A big change between this movie and the previous two series is a dramatic change in artstyle. People were complaining about this when the first trailer appeared, because people are stupid. The change in style comes from the new director Kazuya Murata, who has previously directed episodes of Code Geass and Eureka Seven, among other things. I honestly prefer his style over the previous series. It does have some goofy looking attempts at walking and running, but during fight scenes the loose style allows for more stylish looking action. The only times it really suffers are when characters are far away, where they tend to lose most of their detail. I’ve seen it described as cheap and ugly, but I think it looks better than either of the series and lends itself much better to the kind of action you get in Fullmetal Alchemist. But it’s different, and people hate change, so I see where the complaints come from.
Funimation obviously brought back the old cast for returning characters, so I’ll not dwell on those. Suffice to say, they all have a great amount of experience with the characters and handle them as well as they ever have. New additions to the cast are Alexis Tipton as Julia Chrichton and Matthew Mercer as Ashley Chrichton, both of whom give good performances, though neither role is particularly challenging. Julia has her share of emotional scenes, and Alexis Tipton handles them great, but this isn’t the kind of role that’s really going to draw out a great performance. Mathew Mercer doesn’t really get a chance to shine as Ashley until the climax of the film since the character is fairly calm and composed most of the time, but again he gives as good a performance as is necessary for a fairly shallow character. Patrick Seitz also shows up as the villain near the end and shouts about being angry and wanting to destroy the world for 20 minutes, and he does as good a job as anyone could really.
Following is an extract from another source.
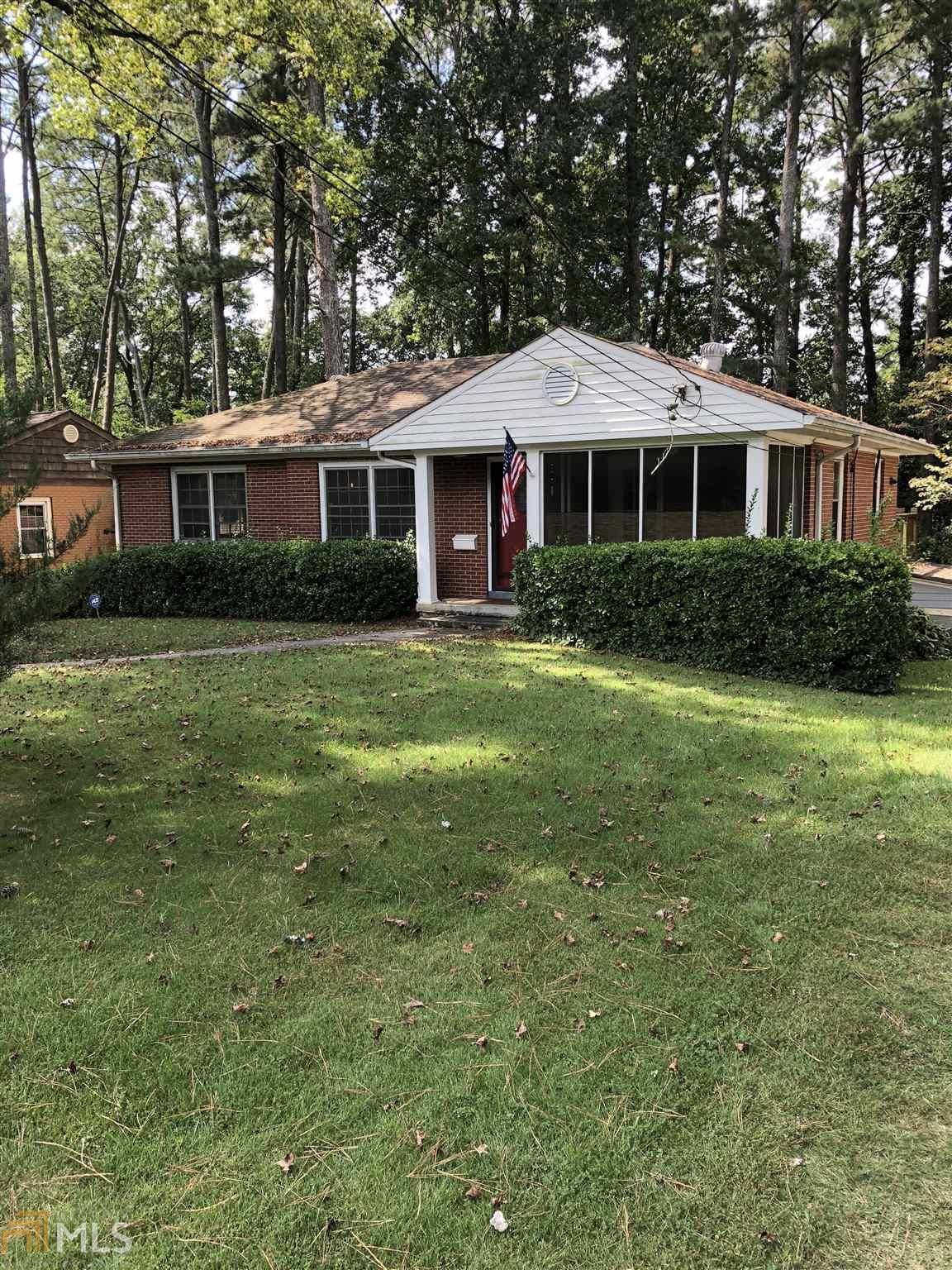 1660 Briarcliff Rd - Photo 1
If what you love about Fullmetal Alchemist was the emotional captivating story, you’re probably going to be disappointed with Sacred Star of Milos. It has none of the engaging story and is basically just a 90 minute filler episode. But if all you want to see is your favourite Fullmetal Alchemist characters (assuming your favourite characters are Ed and Al and no one else) going on another adventure, it’s a fine movie. It may not be emotionally engaging in any way, but it is a nice last hurrah for the franchise.
It’s better than Conqueror of Shamballa at least.